Phase Locked Loops ( PLL) and Delay-Locked Loops (DLL) circuits are often used as clock generator, frequency synthesizers, clock de-skewing and clock data recovery for microprocessors. PLL is used to multiply the clock frequency and then align the edges of the distributed output clock to the received clock. It is basically a closed loop frequency control system, which is based on the phase sensitive detection of phase difference between the input and output signals of the controlled oscillator. The PLL accomplishes this task by adjusting the frequency of a voltage-controlled oscillator (VCO) or digital-controlled oscillator (DCO) which drives the output clock so that the distributed clock, once divided in half and fed back to the PLL, matches frequency and lines up with the received clock. This simple application requires certain features in the PLL, like the ability to accept a feedback clock and the ability to multiply the input frequency.

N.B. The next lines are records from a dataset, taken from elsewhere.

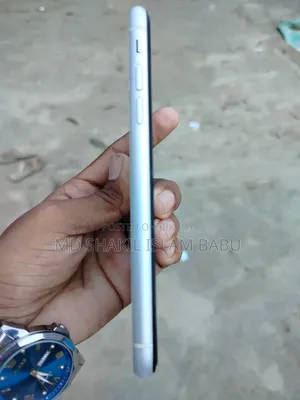 Apple iPhone XR 64 GB White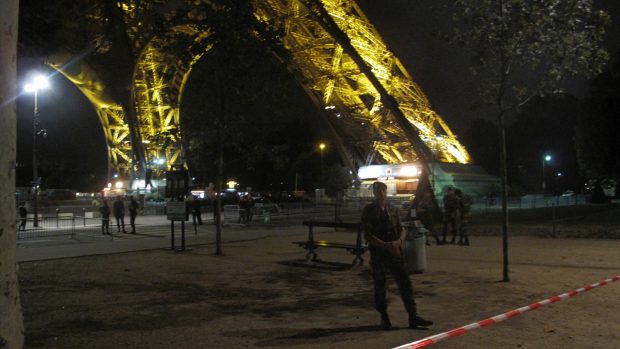 Evakuace Eiffelovy věže.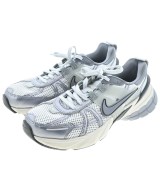 NIKE スニーカー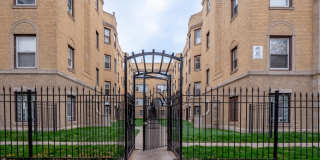 7377 North Damen Ave - J2 Gallery 15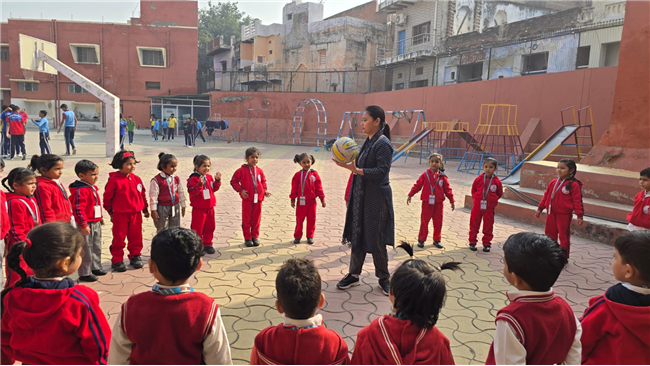 NURSERY AND LKG THROW AND CATCH ACTIVITY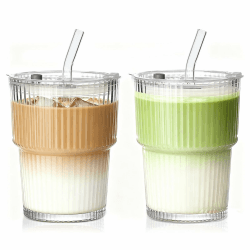 VITEVER 2 Stück 380ml Glasbecher mit Deckel und Strohhalm, Glas Smoothie Becher mit Strohhalm, Luftdicht Wasserdicht Design Kaffeebecher Travel Mug, Eiskaffee Becher, Trinkglas 380ml-2pcs Angebot bei HelloDeals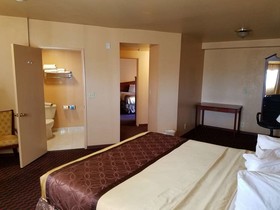 Rancho San Diego Inn & Suites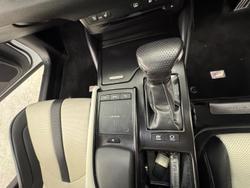 2022 Lexus ES 300h F Sport AXZH10R White Nova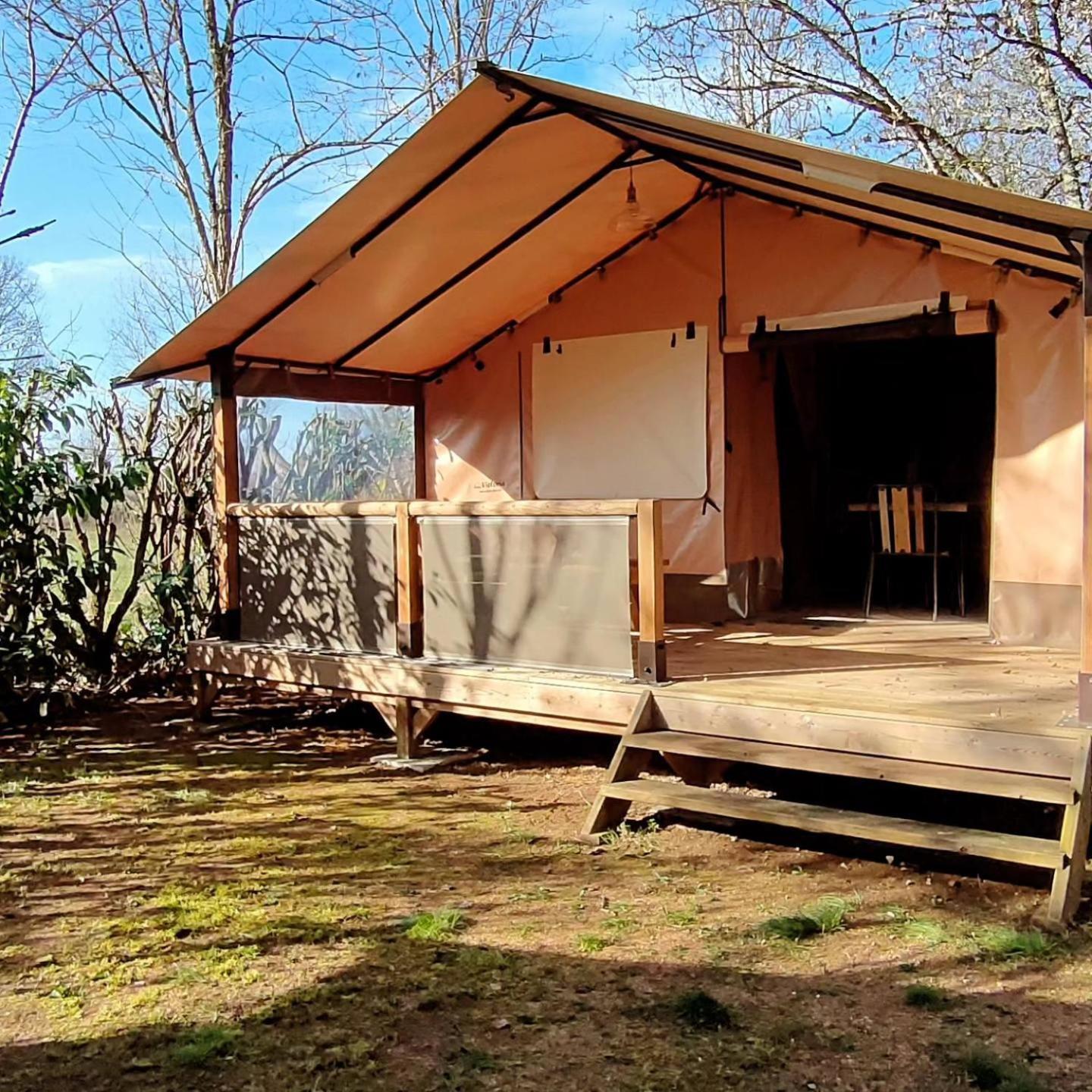 Camping Le Clos De La Lere Cayriech Dış mekan fotoğraf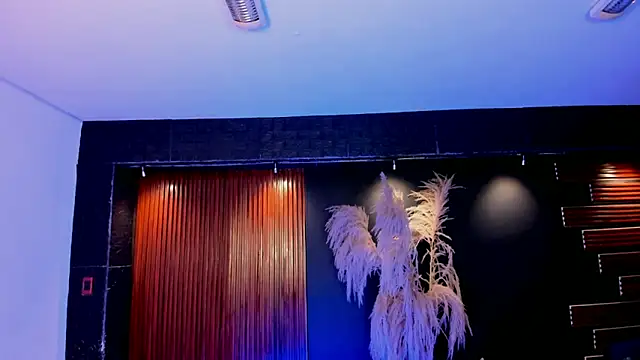 Madinson Rose online show from January 2026 08:02:02 PM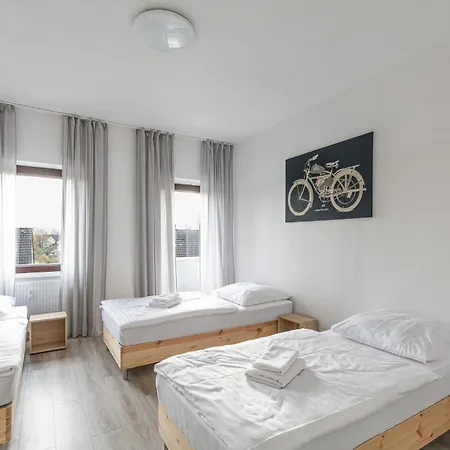 T&k - 1 To 4 - 20min To Tradefair Messe Airport Duesseldorf Lägenhet *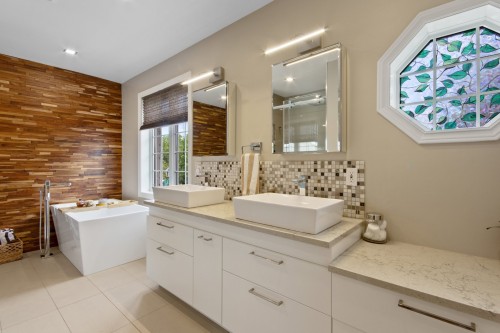 Salle de bains - 14 Rue St-Onge, Châteauguay, QC - Indoor Photo Showing Bathroom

The good design of PLL-based clock generator considers high frequency/phase resolution, fast lock-in time, low jitter performance, low power consumptionh, low area cost. It is a trade-off and it is not easy to meet all consideration we need. Design time is also a significant issue. How to quickly finish the design task and tape out is very important. For the purpose to meet many applications, wide bandwidth is another request. But bandwidth need more area cost and power consumption.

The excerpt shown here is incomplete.